A Christian nation would welcome immigrants and denounce racism in all its forms; the problem with America is not that we are too grounded in the Judeo-Christian heritage; it is that we have never been as grounded in that ethic as we should be. The Old Testament consistently taught Israel to treat the foreigners living among them justly, and gave what Jesus Christ declared the two greatest commandments: to love God wholeheartedly and to love your neighbor as yourself. Judeo-Christian morality is not the problem—it is the solution.

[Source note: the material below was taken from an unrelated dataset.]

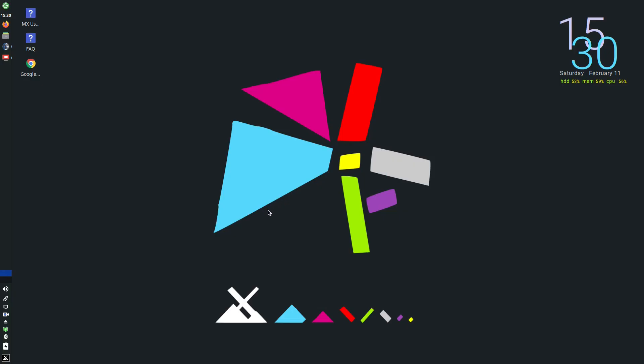Welcome to Everyday Linux User. In today's video I'm going to review MX Linux.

The ‘Potluck Nation,’ on the other hand, is highly problematic. In Patel’s vision, “This is a country that welcomes the contributions of people of all identities to the American table because if distinct communities do not contribute, the nation does not feast.” There are (at least) two problems with this picture.
One is that it assumes everyone is bringing good food to the potluck. That is the basic assumption of pluralism—there is no governing standard, yet somehow everything will be good. But what if some people bring poison? Let’s be realists for a moment. All identities? Really? ISIS is a distinct community; where shall we put their atrocities on the table? What would the National Democratic Party of Germany contribute to the feast? What if the Hindu caste system or Sharia law are put on the table? Or perhaps someone wants to revive religious practices of the past, and cook up some Spanish Inquisition, forced conversion of native peoples, or Aztec human sacrifice for the potluck?

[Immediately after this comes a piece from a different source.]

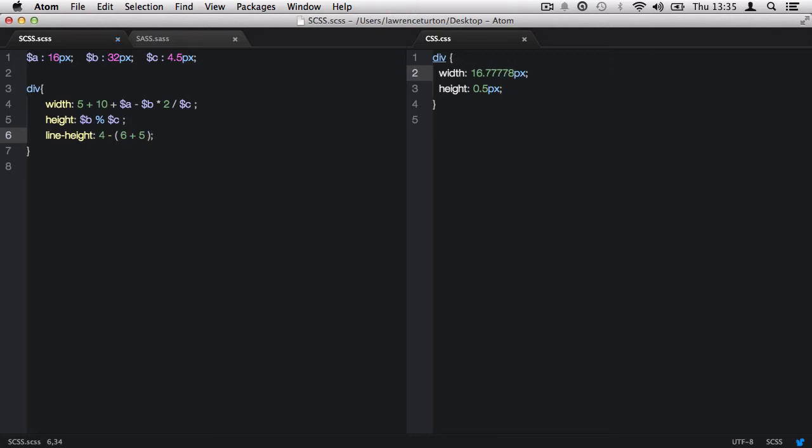So what happens is the computer goes straight to the brackets first, because that takes priority. And so it does 6 plus 5, which is 11. So it's 4 take away 11, which is minus 7. If I take the brackets out, you'll notice it's 4 take away 6, which is negative 2, plus 5, which equals 3.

At this point the genteel pluralist would throw up their hands and say ‘of course not! I didn’t mean that any of that should be put on the table!’ But why not? Pluralism has no foundations, no rational reason to exclude one group or another, because its entire rationale is inclusion. That’s why you don’t see any actual pluralists; you see people who are pluralists on the surface, but underneath (usually not very far underneath) lies some other ethical system. In the west, it’s usually the Judeo-Christian ethical system (with pagan alterations)—even for people who are avowed atheists. Genuine pluralism would be a feast of death.

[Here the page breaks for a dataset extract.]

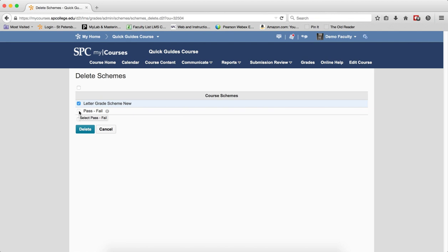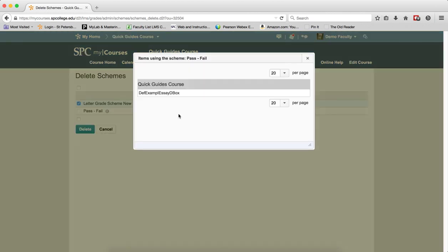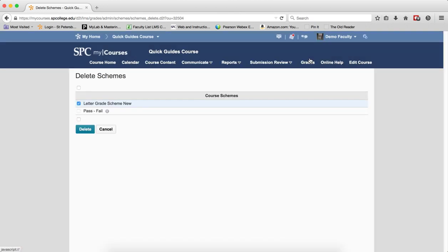You should note that if you see an eye icon next to a scheme, this means it's being used by at least one grade item and cannot be deleted, so you'll notice I can't click on that. If you click on the eye, it'll tell you which item is being used by this particular scheme.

Which leads directly to the second problem, that Patel seems not to notice that someone must set the table. Someone must lay the base for all our cultural dishes to set on, and, indeed, police which dishes get put on the table and which are thrown out. Green bean casserole? Yes! Rat stew with cyanide sauce? No!
The desperate pluralist objects, why do we need a table? Why can’t we lay our feast out on the earth? We can, but all that means is we’ve moved from talking about a society to talking about the world, and that is why we live in the world we have, where some societies have freedom and others have oppression. No, if you want to talk about a society you have to ask who is setting up the table. The Judeo-Christian table has given us a nation with tremendous freedom. Replace that with an atheist table and you will get the freedom one sees in China or North Korea. Replace it with a Muslim table and you will get the freedom you see in the Muslim world. Replace it with a pluralist table and you will get chaos as it comes crashing down because it hasn’t a leg to stand on.
That attempt to have a pluralist table is one of the reasons our society is experiencing so much turmoil. A free society will indeed allow all kinds of unhealthy dishes on the table, within limits, because freedom means people get to believe and express foolish ideas. But when you let foolish and wicked ideologies start to mess with the table, when you let the chef who brought the rat pie help decide what dishes get a place on the table, you’re in real trouble. Patel’s potluck is a pipe dream, because it assumes everyone will bring good food and set a solid table together.
Of course, there will be a day when everyone brings good food to the table, because God has eradicated all evil. God will set the table on that day, and everyone’s contributions will be part of a wonderful feast. But on that day there will only be one religion, the Christian faith. Pluralism will be no more.